Image-caption web data:
=== Begin Enclosure ===

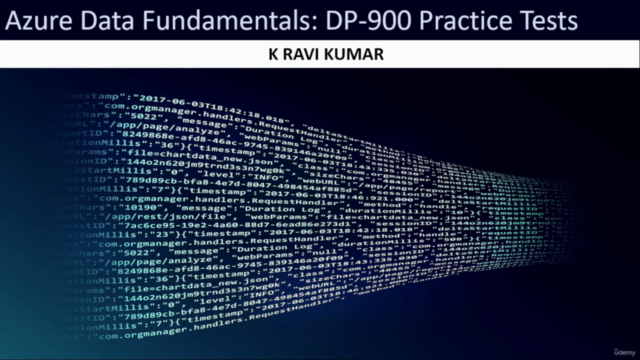 Azure Data Fundamentals DP-900 Certification Practice Tests – Screenshot 2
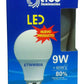 ETCO FOCO LED LUZ BCA 12/9 WATTS
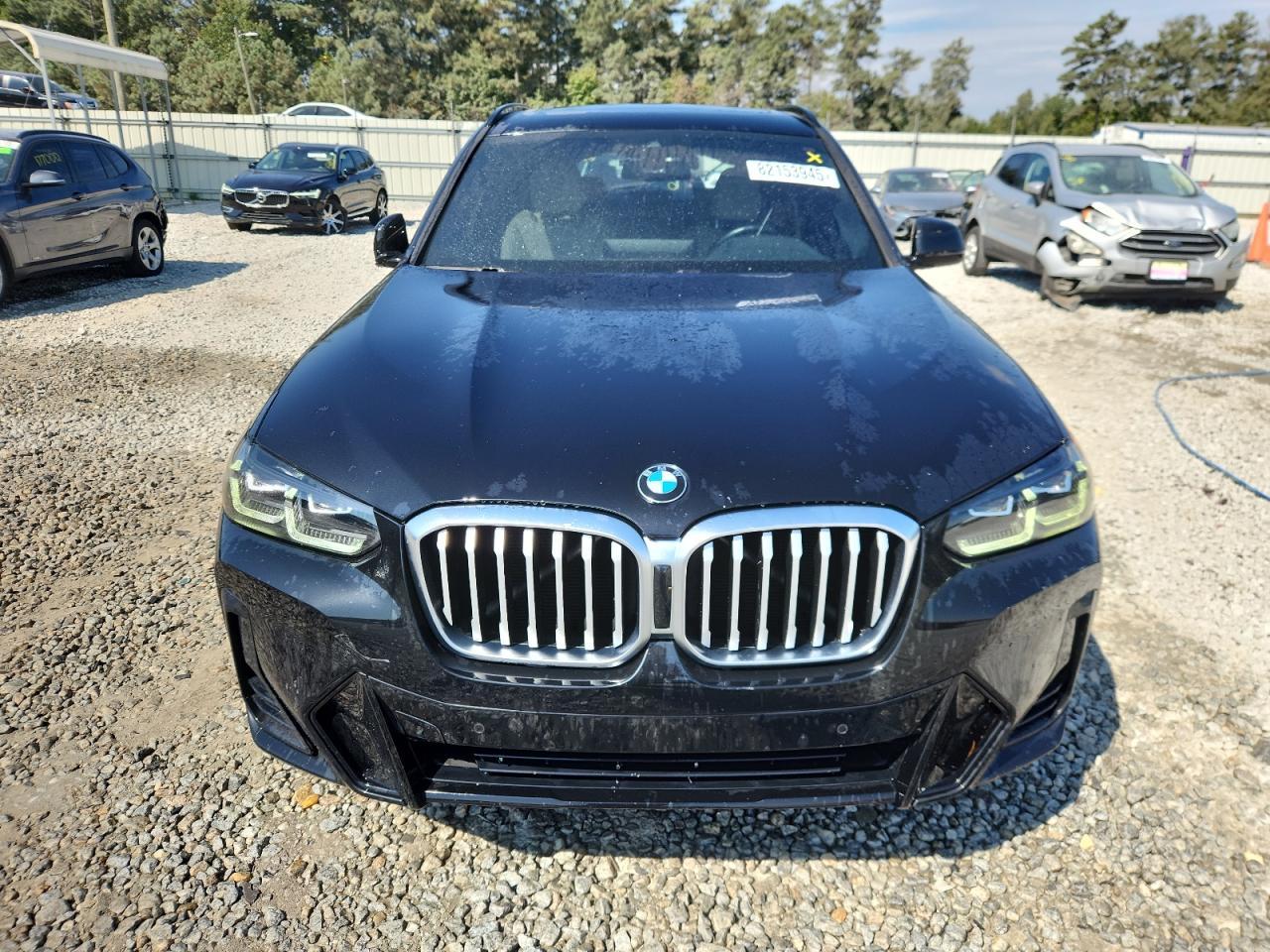 2022 BMW X3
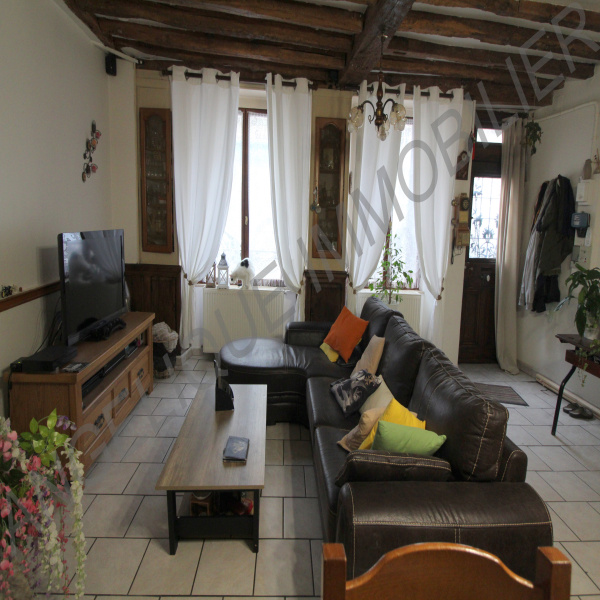 Offres de vente Maison Chaumont-en-Vexin 60240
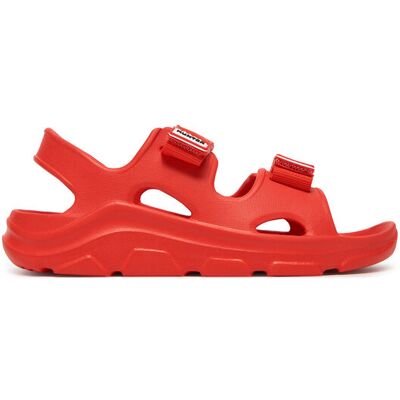 Hunter Sandały CP88-26029-CH Czerwony 28 Czerwony Chłopiec Hunter Sandały CP88-26029-CH Czerwony 28 Czerwony Chłopiec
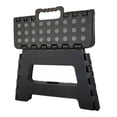 thumbnail image 4 of Banco Plegable Hyper Tough Negro PST11069, 4 of 4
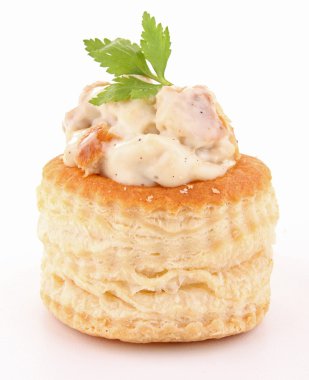 izole vol au vent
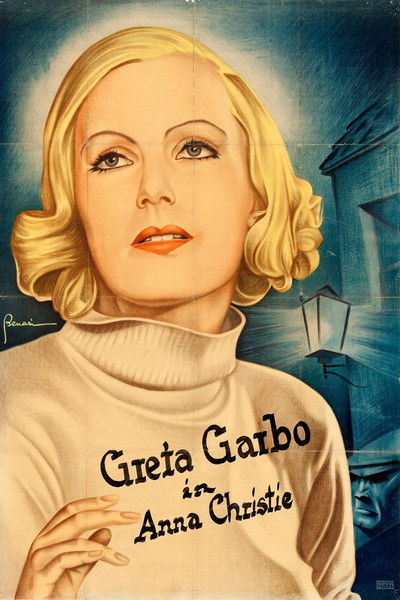 Póster de Anna Christie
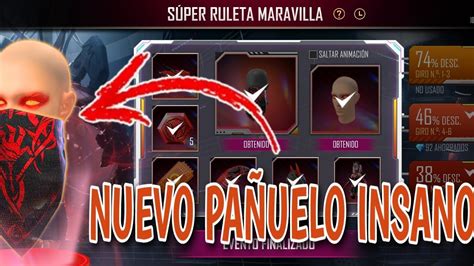 As Funciona El Evento Con El Pa Uelo Escorpi N Youtube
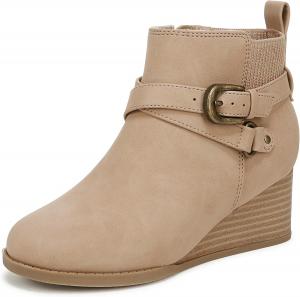 Ботильоны на танкетке Blowfish Malibu Posh-k, Cashew Tan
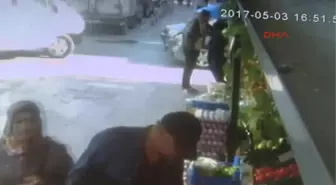 Küfür Etme' Diye Uyardı; Kurşunların Hedefi Oldu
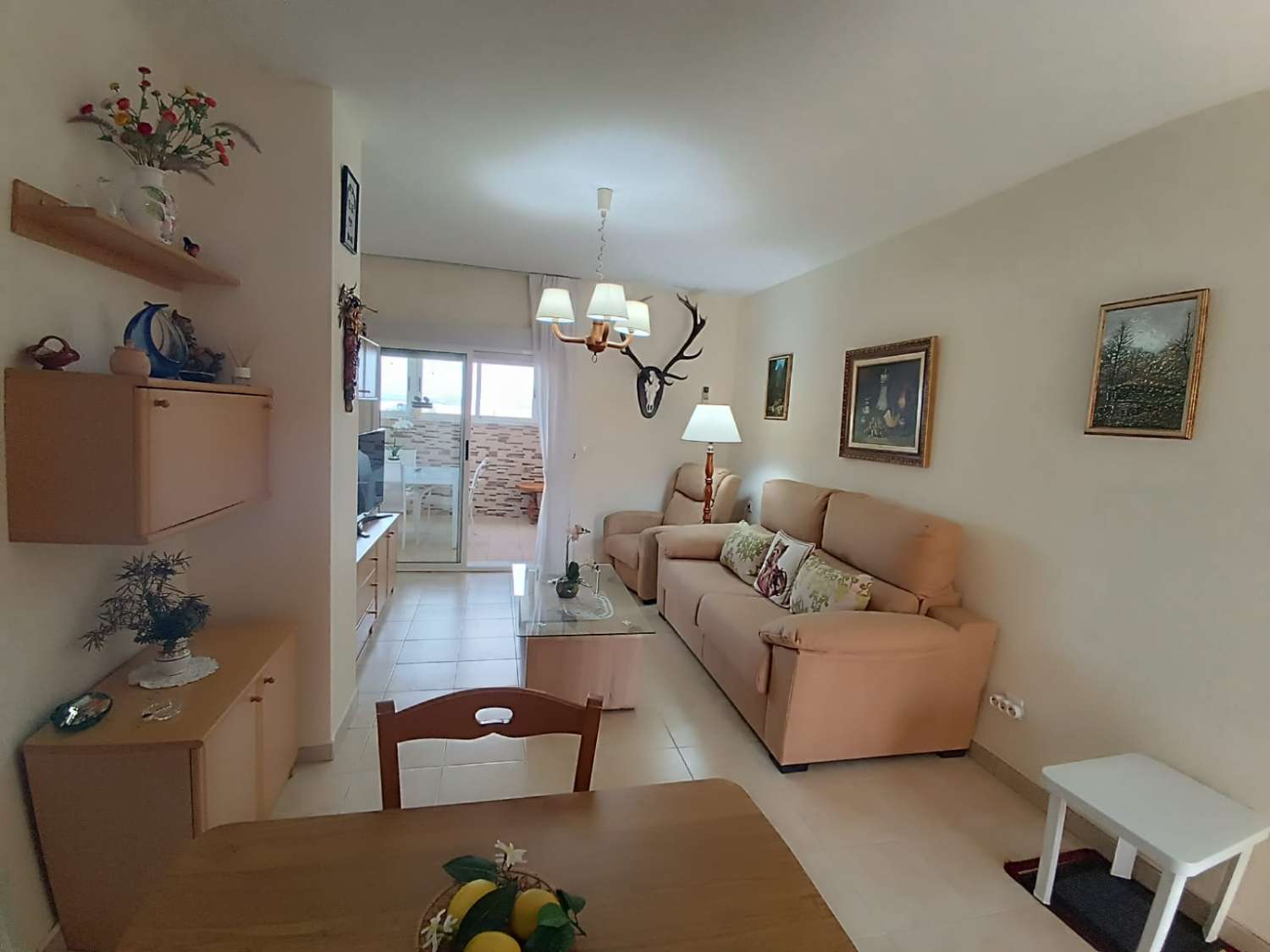 Penthouse mit Pool in Torrevieja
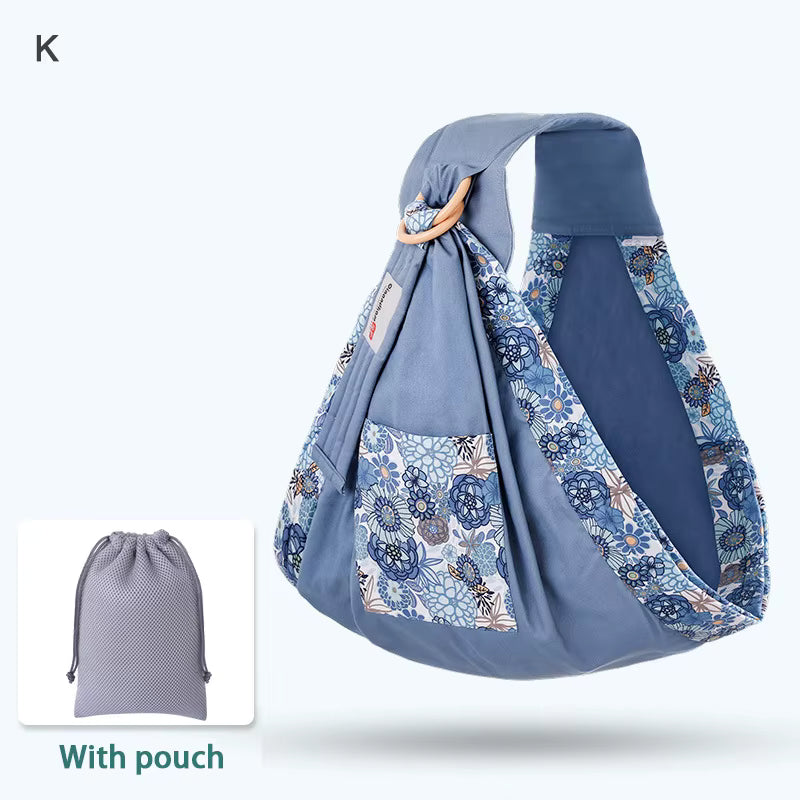 Baby Wrap Carrier & Newborn Sling
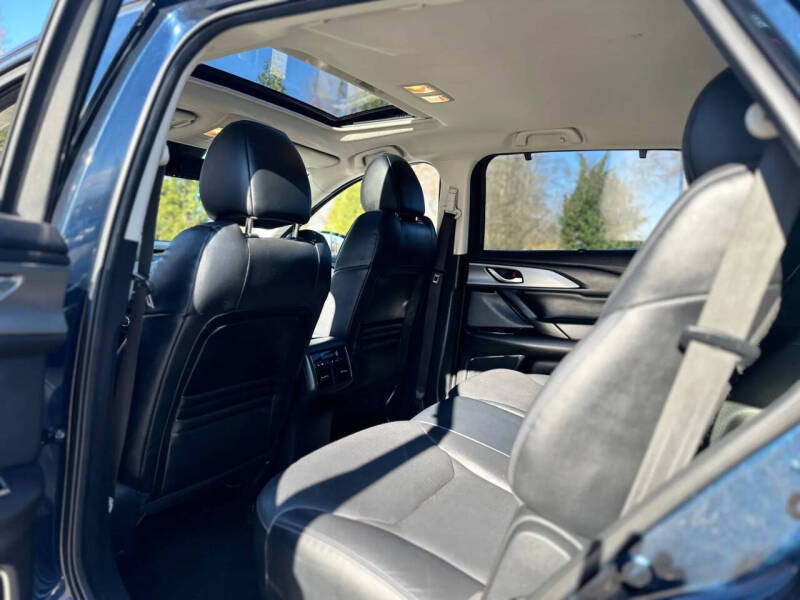 2018 Mazda CX-9 Touring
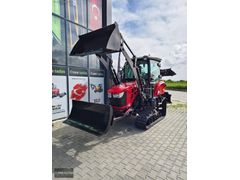 120HP YÜKLEYİCİLİ VE BULDOZER ATAÇMANLI KLİMALI KABİNLİ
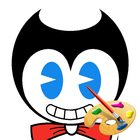 Bendy Coloring icon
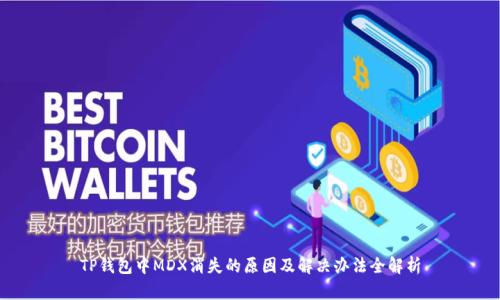 TP钱包中MDX消失的原因及解决办法全解析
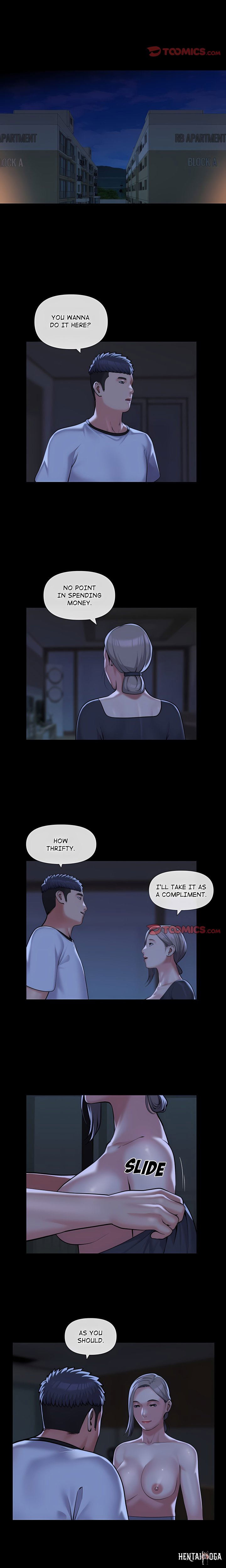 The Ladies’ Associate (Uncensored) The Ladies’ Associate (Uncensored) Chapter 71 - Page 5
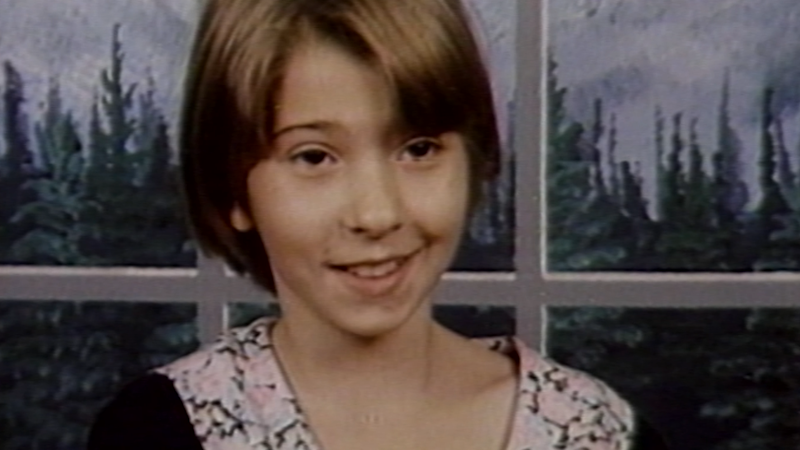 Story image: 'Taken: The Katie Beers Story' - premieres Friday at 9:30P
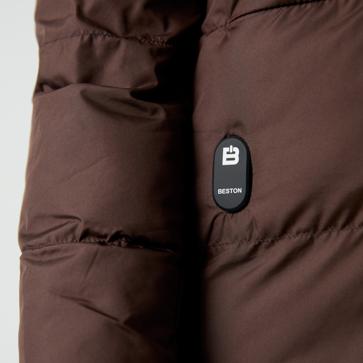 Imagen secundaria 1 - Así es el abrigo de Beston.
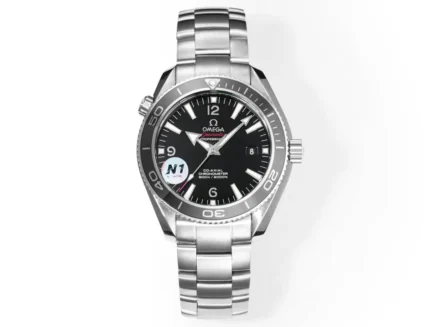OMEGA Seamaster 600 Black Stainless Steel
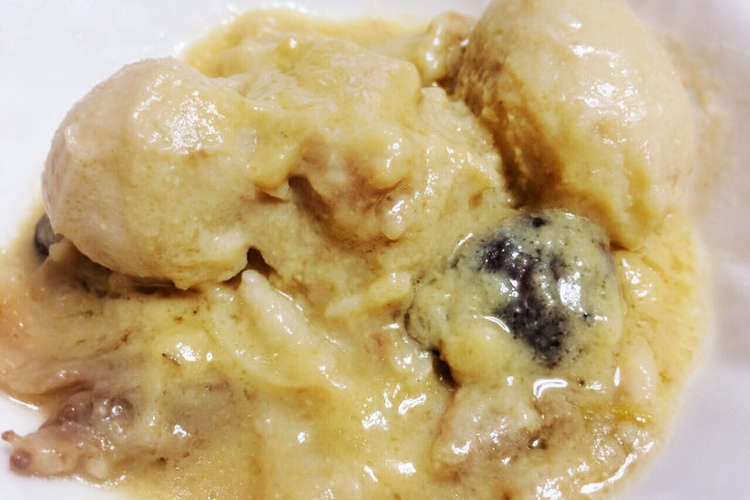 母の味 里芋の白味噌煮 レシピ 作り方 By Jasmin 705 クックパッド 簡単おいしいみんなのレシピが360万品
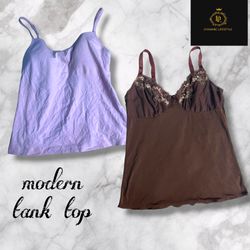Modernes Tanktop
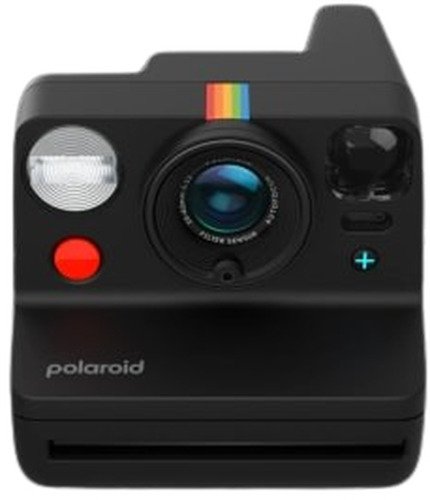 Polaroid Now+ Gen 3 Black + Colour Film Bundle (8 Photos) - 1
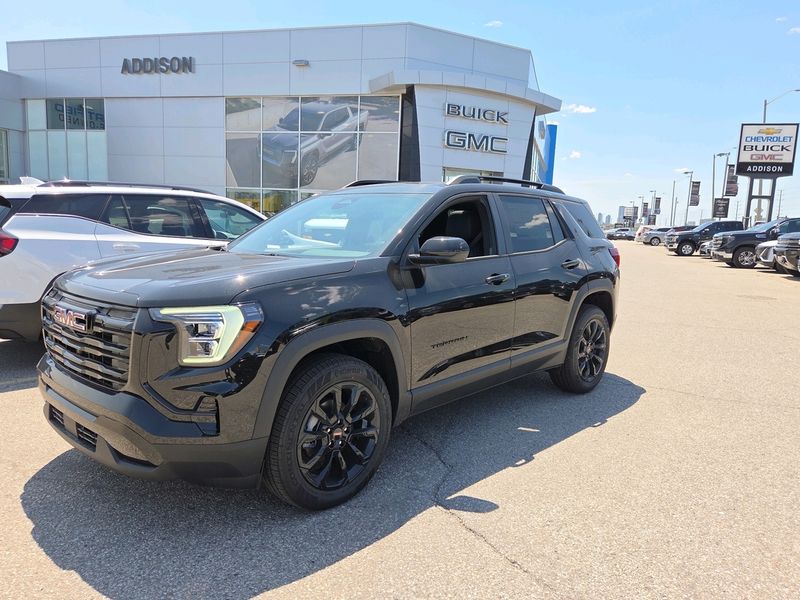 2027 GMC Terrain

=== End Enclosure ===

▸ Exercise instructions
The data above are to be repeated word for word, with any pictures left out.

▸ Solution to this problem
 Azure Data Fundamentals DP-900 Certification Practice Tests – Screenshot 2
 ETCO FOCO LED LUZ BCA 12/9 WATTS
 2022 BMW X3
 Offres de vente Maison Chaumont-en-Vexin 60240
 Hunter Sandały CP88-26029-CH Czerwony 28 Czerwony Chłopiec Hunter Sandały CP88-26029-CH Czerwony 28 Czerwony Chłopiec
 thumbnail image 4 of Banco Plegable Hyper Tough Negro PST11069, 4 of 4
 izole vol au vent
 Póster de Anna Christie
 As Funciona El Evento Con El Pa Uelo Escorpi N Youtube
 Ботильоны на танкетке Blowfish Malibu Posh-k, Cashew Tan
 Küfür Etme' Diye Uyardı; Kurşunların Hedefi Oldu
 Penthouse mit Pool in Torrevieja
 Baby Wrap Carrier & Newborn Sling
 2018 Mazda CX-9 Touring
 120HP YÜKLEYİCİLİ VE BULDOZER ATAÇMANLI KLİMALI KABİNLİ
 Bendy Coloring icon
 TP钱包中MDX消失的原因及解决办法全解析
 The Ladies’ Associate (Uncensored) The Ladies’ Associate (Uncensored) Chapter 71 - Page 5
 Story image: 'Taken: The Katie Beers Story' - premieres Friday at 9:30P
 Imagen secundaria 1 - Así es el abrigo de Beston.
OMEGA Seamaster 600 Black Stainless Steel
 母の味 里芋の白味噌煮 レシピ 作り方 By Jasmin 705 クックパッド 簡単おいしいみんなのレシピが360万品
Modernes Tanktop
 Polaroid Now+ Gen 3 Black + Colour Film Bundle (8 Photos) - 1
 2027 GMC Terrain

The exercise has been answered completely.